Angela Merkel sans cœur ou simplement honnête ? Le débat fait rage en Allemagne après une vidéo qui montre la chancelière expliquant froidement à une réfugiée palestinienne pourquoi elle risque d’être expulsée.
Ses mots sont durs et son geste est maladroit. La chancelière allemande Angela Merkel a déclenché, jeudi 16 juillet, une vague d’indignation dans son pays après sa prestation face une jeune réfugiée palestinienne appelée Reem, lors de la visite d’une école de la ville de Rostock (ex-RDA). Une séquence enregistrée puis diffusée sur la chaîne Norddeutscher Rundfunk (NDR).
La séquence en allemand
La jeune fille, dont la famille est menacée d’être expulusée d'Allemagne, ne sait pas ce qu’elle va devenir et explique à la chancelière que tout ce qu’elle désire c’est “pouvoir étudier [en Allemagne]” et profiter de la vie comme les autres enfants.
“Certains devront partir”
Face à cette détresse, Angela Merkel trouve les mots qu’il ne faut pas… Surtout en politique. “Je comprends mais parfois la politique est dure et tu es certes très sympathique mais tu sais aussi qu’il y a dans les camps de réfugiés palestiniens au Liban [d’où viennent les parents de la jeune fille, NDLR] des milliers de personnes et nous ne pouvons pas nous permettre de dire ‘vous pouvez tous venir, et vous pouvez tous venir d’Afrique’”. Un discours froid de la chancelière qui enfonce le clou en concluant “il y en a certains qui devront repartir”.
Angela Merkel passe à autre chose mais s’interrompt en voyant son interlocutrice fondre en larmes. La dirigeante décide alors de réconforter l'adolescente.
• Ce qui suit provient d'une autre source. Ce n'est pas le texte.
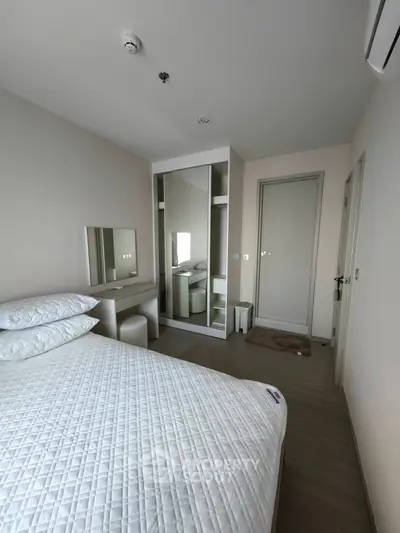 Modern bedroom with minimalist design and ample natural light.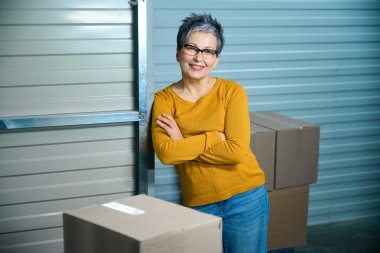 Karton bir kutunun yanındaki depoda duvara yaslanmış bir kadın.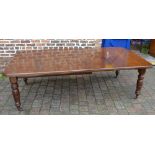 Victorian wind out dining table with 2 leaves on turned legs,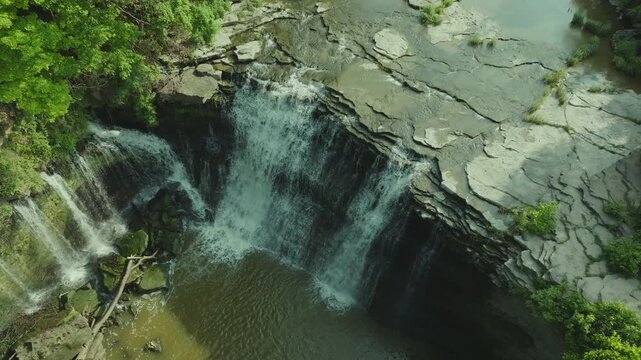 Drone zooming out from above the cliff of Upper Balls Falls revealing its full height and width.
Dans un geste perçu comme paternaliste, elle lui caresse l’épaule et lance une phrase qui risque de rester dans les annales des faux pas en politique : "tu t'en es très bien sortie !". Comme si les larmes étaient dues au trac d’avoir parler à la chancelière...
Le modérateur du débat reprend alors Angela Merkel, faisant remarquer qu’il ne “croit pas qu’il s’agisse de bien faire, mais [que les pleurs] sont dus à une situation très pesante”.
#Merkelstreichelt
Le tout donne l’image d’une dirigeante froide, manquant d’empathie et qui pense pouvoir alléger le fardeau d’une réfugiée menacée d’expulsion par une caresse sur l’épaule.
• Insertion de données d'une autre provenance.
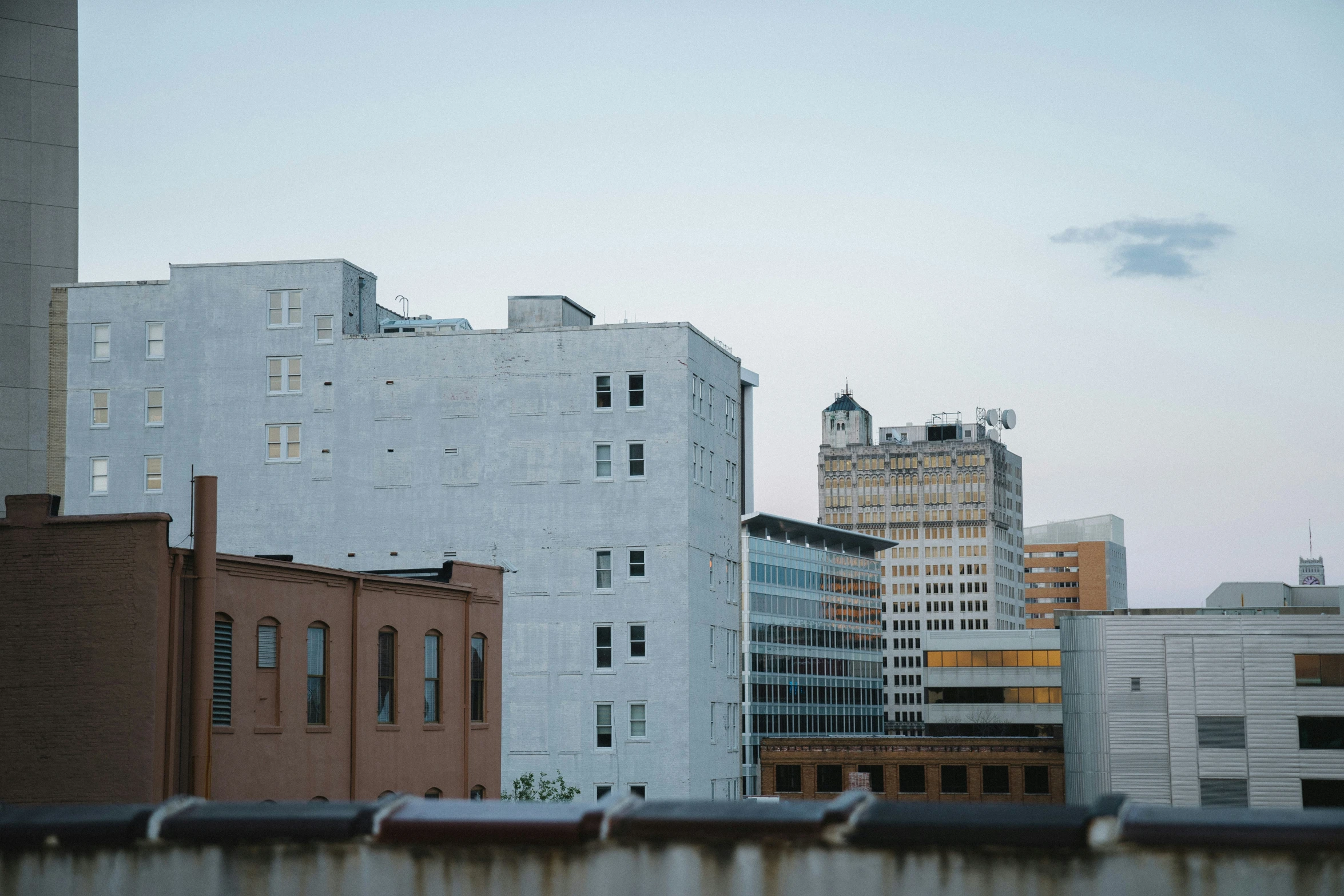 a tall white building sitting next to a river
Les médias et internautes allemands ne s’y sont d’ailleurs pas trompés. Les principaux journaux, la “Sueddeutsche Zeitung”, la “Frankfurter Allgemeine”, le “Handelsblatt” ou encore “Focus” ont flairé le filon médiatique : la sévèrité d'Angela Merkel face à la détresse d’une jeune réfugiée. Les réseaux sociaux ont largement servi de caisse de résonnance aux critiques adressées à la chancelière. Un hashtag sur Twitter - #merkelstreichelt (Merkel caresse) - a même servi de défouloir. Les uns l’ont utilisé pour exprimer leur dégoût, les autres en ont profité à des fins parodiques, créant des photomontages montrant la chancelière qui essaie de résoudre tous les problèmes du monde d’une simple caresse sur l’épaule.
Griechenlandkrise gelöst! #merkelstreichelt pic.twitter.com/dDykcKUP67
— DiesDasAnanas (@Dies_Das_Ananas) 16 Juillet 2015Mais la condamnation n'est pas unanime. Plusieurs internautes et médias ont souligné qu’ils préféraient voir une chancelière “dure, mais honnête” qu’une politicienne qui feindrait la compassion tout en sachant qu’il n’y a pas de bonnes solutions. Après tout, c’est cette même “honnêteté” brutale que les Allemands ont apprécié chez la chancelière lorsqu’elle a négocié avec le Premier ministre grec, Alexis Tsipras. “Est-ce qu’elle s’est montrée sans cœur ou simplement honnête ?”, s’interroge la “Sueddeutsche Zeitung”.
Le quotidien de centre gauche souligne, en outre, que la vidéo diffusée par la chaîne NDR est une version abrégée de la discussion entre Angela Merkel et Reem. Le cabinet de la chancelière a d’ailleurs mis en ligne, dès jeudi soir, l’intégralité de l’échange où la chancelière donne plusieurs pistes pour améliorer la situation légale des réfugiés en Allemagne.